I’m writing this from a hotel room in Oklahoma City before speaking at a conference called “The Small Church Conference”. Craig Groeschel from LifeChurch.tv and Toby Slough of Cross Timbers Community Church north of Dallas are speaking as well…all from megachurches.
There’s a little obvious irony here, eh? Israel Hogue, pastor of The Edge Church, is sponsoring the conference. As Israel puts it on the conference website, “Craig, Toby and Dave have all come from small beginnings. They know what it means to be a local church with not a lot of people, money, or resources. They didn't start "mega," they started "micro" and grew from there.”

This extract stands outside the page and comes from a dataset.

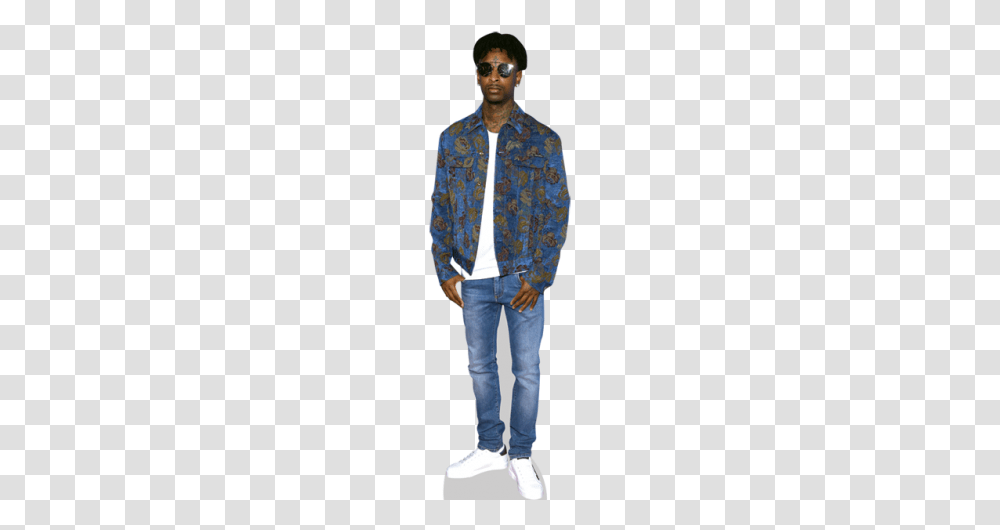 Savage, Pants, Jeans, Person Transparent Png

It got me thinking about those early days with Steve Sjogren. There were a lot—and I mean a lot—of sacrifices made by him and his wife Janie to see a different kind of church launched in Cincy. When Anita and I came on board in 1984, we were meeting in Bruce and Sandy Ullrey’s living room with twenty or so people on the north side of Cincinnati. Like many starts, everyone was in their late-twenties or early-thirties, mostly bored with church as we knew it, and wondered why there couldn’t be a church that we actually liked going to. And couldn’t it be simple and just have authentic no-big-show worship and have a heart for the poor? Maybe a message that didn’t sound canned? And a service that didn’t make you feel worse than when you came in? Spirit-led…but not weird? Authenticity. Simplicity. Relevance.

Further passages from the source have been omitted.